* Data for this task
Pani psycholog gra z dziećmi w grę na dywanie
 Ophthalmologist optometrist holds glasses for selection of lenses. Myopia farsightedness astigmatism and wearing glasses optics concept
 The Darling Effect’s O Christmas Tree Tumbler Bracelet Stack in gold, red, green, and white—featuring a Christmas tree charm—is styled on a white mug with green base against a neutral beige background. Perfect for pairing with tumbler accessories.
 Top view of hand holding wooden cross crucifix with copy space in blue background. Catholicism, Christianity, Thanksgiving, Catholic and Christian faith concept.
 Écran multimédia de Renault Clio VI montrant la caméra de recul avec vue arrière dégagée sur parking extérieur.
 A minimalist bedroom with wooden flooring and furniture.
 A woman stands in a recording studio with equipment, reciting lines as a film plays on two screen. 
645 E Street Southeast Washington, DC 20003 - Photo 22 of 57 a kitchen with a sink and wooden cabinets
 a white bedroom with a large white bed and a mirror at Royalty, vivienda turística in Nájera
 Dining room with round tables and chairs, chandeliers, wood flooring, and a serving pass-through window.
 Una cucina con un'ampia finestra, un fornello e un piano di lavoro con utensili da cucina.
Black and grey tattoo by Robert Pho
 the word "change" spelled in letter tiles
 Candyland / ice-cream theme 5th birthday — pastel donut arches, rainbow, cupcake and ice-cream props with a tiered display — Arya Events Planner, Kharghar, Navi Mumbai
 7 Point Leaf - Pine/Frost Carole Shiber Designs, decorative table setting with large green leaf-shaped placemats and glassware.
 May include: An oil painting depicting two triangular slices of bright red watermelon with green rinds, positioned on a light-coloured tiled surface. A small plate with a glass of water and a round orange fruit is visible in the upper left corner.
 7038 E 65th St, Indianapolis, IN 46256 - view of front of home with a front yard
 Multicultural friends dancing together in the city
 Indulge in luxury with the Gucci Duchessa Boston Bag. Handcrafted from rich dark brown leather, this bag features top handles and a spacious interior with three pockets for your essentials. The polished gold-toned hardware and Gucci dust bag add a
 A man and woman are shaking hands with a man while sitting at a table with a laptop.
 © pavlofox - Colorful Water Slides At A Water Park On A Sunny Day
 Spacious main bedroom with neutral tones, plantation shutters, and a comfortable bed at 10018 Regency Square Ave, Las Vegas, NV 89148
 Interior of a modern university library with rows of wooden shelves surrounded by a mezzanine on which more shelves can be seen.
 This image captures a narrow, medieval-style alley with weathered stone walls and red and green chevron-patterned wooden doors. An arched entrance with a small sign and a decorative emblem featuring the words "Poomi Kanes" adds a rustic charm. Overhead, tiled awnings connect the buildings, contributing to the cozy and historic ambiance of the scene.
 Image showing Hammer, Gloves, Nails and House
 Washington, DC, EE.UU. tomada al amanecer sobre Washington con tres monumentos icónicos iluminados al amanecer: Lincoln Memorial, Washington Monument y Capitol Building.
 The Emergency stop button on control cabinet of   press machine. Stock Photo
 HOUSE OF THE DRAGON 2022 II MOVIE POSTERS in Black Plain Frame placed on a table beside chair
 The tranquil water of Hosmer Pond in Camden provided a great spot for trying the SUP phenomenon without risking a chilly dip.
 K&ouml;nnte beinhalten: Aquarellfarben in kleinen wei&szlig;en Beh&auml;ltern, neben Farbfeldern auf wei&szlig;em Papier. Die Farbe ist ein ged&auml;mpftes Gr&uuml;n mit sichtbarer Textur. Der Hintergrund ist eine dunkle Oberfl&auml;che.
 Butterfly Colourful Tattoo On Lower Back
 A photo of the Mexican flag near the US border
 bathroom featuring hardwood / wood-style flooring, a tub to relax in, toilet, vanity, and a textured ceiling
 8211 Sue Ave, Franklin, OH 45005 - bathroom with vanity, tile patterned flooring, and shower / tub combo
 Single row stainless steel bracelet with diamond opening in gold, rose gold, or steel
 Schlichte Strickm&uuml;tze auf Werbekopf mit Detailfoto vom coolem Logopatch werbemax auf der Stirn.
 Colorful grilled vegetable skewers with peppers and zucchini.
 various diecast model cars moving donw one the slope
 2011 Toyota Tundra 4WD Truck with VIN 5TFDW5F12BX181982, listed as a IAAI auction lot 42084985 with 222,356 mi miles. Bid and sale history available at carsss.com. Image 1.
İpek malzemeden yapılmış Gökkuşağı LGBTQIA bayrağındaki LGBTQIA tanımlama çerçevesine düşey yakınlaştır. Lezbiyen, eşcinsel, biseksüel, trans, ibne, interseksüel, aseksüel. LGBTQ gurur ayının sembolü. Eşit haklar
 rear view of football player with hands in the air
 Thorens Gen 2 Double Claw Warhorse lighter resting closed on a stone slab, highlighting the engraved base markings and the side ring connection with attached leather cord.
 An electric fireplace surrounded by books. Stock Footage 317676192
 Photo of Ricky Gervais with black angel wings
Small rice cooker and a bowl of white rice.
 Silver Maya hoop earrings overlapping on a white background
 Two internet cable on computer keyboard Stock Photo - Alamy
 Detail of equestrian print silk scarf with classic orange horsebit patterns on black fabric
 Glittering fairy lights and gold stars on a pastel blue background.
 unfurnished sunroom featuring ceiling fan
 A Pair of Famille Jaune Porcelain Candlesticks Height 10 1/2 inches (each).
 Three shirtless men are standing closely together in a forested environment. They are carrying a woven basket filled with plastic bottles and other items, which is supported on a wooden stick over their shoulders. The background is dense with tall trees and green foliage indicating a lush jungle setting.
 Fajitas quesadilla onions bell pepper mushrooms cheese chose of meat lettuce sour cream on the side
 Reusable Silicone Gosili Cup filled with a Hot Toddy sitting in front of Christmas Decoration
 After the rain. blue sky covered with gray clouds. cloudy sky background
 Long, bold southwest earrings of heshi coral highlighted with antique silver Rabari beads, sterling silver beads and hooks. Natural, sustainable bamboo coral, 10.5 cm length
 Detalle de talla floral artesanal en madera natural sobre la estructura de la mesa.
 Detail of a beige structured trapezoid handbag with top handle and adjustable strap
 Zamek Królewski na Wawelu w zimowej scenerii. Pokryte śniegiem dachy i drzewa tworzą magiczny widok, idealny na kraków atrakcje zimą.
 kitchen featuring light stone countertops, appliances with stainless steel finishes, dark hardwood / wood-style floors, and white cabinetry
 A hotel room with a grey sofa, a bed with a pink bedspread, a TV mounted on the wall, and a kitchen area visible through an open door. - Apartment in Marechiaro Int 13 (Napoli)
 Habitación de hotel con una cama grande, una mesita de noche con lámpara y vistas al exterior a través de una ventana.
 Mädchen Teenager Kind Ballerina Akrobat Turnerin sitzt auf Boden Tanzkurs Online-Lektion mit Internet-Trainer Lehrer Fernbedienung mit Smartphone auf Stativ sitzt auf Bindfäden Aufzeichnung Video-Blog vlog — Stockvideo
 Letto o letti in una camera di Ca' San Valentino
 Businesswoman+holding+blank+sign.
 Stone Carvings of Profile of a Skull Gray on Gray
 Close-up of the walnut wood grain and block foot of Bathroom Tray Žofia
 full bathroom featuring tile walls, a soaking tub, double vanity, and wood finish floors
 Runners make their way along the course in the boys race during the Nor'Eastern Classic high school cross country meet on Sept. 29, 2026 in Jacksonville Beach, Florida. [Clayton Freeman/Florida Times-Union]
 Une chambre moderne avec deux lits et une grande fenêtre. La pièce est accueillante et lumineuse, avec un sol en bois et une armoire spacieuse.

* Assigned task
Taking the lines above, repeat exactly those from the line that contains "Washington, DC, EE.UU." through the line that contains "The tranquil water", and both of those lines as well. Include nothing else.

* Task response
 Washington, DC, EE.UU. tomada al amanecer sobre Washington con tres monumentos icónicos iluminados al amanecer: Lincoln Memorial, Washington Monument y Capitol Building.
 The Emergency stop button on control cabinet of   press machine. Stock Photo
 HOUSE OF THE DRAGON 2022 II MOVIE POSTERS in Black Plain Frame placed on a table beside chair
 The tranquil water of Hosmer Pond in Camden provided a great spot for trying the SUP phenomenon without risking a chilly dip.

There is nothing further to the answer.